For Buyers: Diedrich recommends getting pre-approval for a loan with a local lender because he knows more about any rules for beach houses, such as when a home is bought as a vacation property.

And don’t be in a hurry. Buying a home is a long-term decision, a place to spend the next decade or more of life. If you see something you like, don’t wait, but if you’re unsure, spend a little more time looking for the perfect fit, Diedrich said.

“Before, (the buyers) had no choice. They had a choice of A, A and A and they thought, ‘Well, let me guess? I will choose A because I had no choice, ‘”Diedrich said.” Now there is a little more competition out there and I feel they can make the best decision. … They are not making a decision because they have to make a decision.

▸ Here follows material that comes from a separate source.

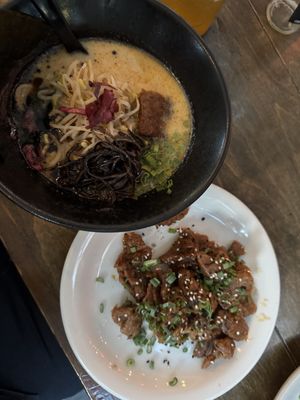   at Vegan Ramen Mei - Condesa in Mexico City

For sellers: Prepare your home for sale; don’t wait to see if there will be another market shift or a “better time” to buy your next home after the sale, Diedrich said. And make sure you get the latest advice from a local real estate agent, because market conditions are changing from month to month, he said.

“Have someone updated on local industry trends and local trends so they can educate you,” he said. “Like, ‘Here are your options. What road do you want to take? ”

Chase Karacostas writes about tourism in Myrtle Beach and throughout South Carolina for McClatchy. He graduated from the University of Texas at Austin in 2020 with a degree in Journalism and Political Communication. He started working for McClatchy in 2020 after growing up in Texas, where he wrote in three of the state’s largest media outlets and the Texas Tribune covering state policy, environment, housing, and LGBTQ + communities.